Saturday, May 29, 2010

My new fave search engine is Zotero

[This is an older post of mine that was on a now-retired community blog called tech-ink.net]

While Zotero – “the free, easy-to-use Firefox extension to help you collect, manage, and cite your research sources” – isn’t exactly new, the program recently made the jump from 1.0 to 2.0 (beta) and with in doing so, has become social software and something more: it’s becoming a favourite search engine of mine.
But let me back it up a bit so I can say a little bit about custom or personalized search engines. I think they’re great and I wish more people would find them so they could enjoy their greatness too.
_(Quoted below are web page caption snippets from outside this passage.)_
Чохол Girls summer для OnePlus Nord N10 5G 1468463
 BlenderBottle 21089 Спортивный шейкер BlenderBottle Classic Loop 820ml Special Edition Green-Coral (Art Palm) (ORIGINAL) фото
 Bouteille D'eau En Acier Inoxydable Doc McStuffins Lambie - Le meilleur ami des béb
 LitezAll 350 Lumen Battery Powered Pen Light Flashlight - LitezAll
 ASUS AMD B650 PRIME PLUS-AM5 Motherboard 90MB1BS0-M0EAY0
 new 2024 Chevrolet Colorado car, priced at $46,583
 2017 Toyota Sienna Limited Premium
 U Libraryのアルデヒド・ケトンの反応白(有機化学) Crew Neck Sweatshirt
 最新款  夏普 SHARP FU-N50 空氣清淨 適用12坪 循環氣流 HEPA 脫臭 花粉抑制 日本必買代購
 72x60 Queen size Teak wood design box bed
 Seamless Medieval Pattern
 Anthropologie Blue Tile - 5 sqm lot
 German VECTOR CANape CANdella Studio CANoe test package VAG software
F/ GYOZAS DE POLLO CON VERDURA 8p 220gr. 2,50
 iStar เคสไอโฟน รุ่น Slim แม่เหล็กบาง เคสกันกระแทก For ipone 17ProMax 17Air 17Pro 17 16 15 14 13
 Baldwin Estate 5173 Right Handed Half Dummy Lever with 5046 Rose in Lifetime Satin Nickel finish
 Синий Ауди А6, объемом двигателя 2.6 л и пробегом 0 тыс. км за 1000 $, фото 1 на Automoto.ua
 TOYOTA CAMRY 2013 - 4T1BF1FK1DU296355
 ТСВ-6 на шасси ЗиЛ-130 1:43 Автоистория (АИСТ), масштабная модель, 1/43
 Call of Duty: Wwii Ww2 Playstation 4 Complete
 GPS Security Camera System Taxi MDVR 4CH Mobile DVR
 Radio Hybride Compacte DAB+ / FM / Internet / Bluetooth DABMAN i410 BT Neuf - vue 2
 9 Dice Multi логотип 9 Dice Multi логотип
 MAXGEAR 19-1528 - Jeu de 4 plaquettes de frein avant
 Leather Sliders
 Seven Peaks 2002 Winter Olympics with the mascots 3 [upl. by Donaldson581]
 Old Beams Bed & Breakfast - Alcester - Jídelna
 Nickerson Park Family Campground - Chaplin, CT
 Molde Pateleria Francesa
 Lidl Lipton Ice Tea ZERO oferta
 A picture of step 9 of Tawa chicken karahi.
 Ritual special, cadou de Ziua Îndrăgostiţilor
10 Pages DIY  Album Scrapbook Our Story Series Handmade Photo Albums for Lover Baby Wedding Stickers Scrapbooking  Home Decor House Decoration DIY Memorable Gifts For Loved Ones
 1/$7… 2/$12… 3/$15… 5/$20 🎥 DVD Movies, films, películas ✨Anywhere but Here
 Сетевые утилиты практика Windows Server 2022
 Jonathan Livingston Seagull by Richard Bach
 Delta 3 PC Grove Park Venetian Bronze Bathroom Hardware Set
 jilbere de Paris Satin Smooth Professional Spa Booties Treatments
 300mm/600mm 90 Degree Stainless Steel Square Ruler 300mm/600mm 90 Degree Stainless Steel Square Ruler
For example, I use LISZEN to search the library blogosphere and search my own homemade Google Custom Search Engine of OCUL libraries whenever I wonder if someone up the highway has some insight on the matter at hand. The University of Winnipeg uses a Custom Google Search Engine for its Canadian Art Library Guide, which I think is a brilliant application and breathes new life into the traditional library subject guide. And at one time, I entertained the notion that libraries could use Google Custom Search Engines as an alternative to the proprietary indexes that we offer, but after trying out The Economics Search Engine of 23 000 economics web sites  its pretty clear that this technology doesn’t scale. That’s too bad because I think we need a prominent index of the open access journal content out there.

OK. Back to Zotero.

I had waited to try out Zotero properly only after Zotero turned 2.0 because I was waiting for its automatic backup and synch features. And in the last handful of weeks, I’ve been slowly adding material into my Zotero library as a way to get a feel for the software. And then it just today that I realized that Zotero was indexing not just the metadata of the websites and journal articles I was planting into it – it was indexing the fulltext of the saved snapshots as well as and the text in the saved pdfs.

So, I plunked in the annual literature reviews dedicated to Library Instruction and Information Literacy from Reference Services Review and voila! I had myself my own little Information Literacy Research Index in my browser!

If you haven’t tried out Zotero yet, I wholeheartedly encourage you to do so. Zotero has some big plans they are working on including a partnership with the Internet Archive. That’s the project that really intrigues me. Not only will scholars be able to add material from the Internet Archive into their personal Zotero libraries but they will also be able to contribute their own digital work contributions into its commons.

When I think I of the future of libraries, I can’t help but think our future dovetailing into Zotero somehow.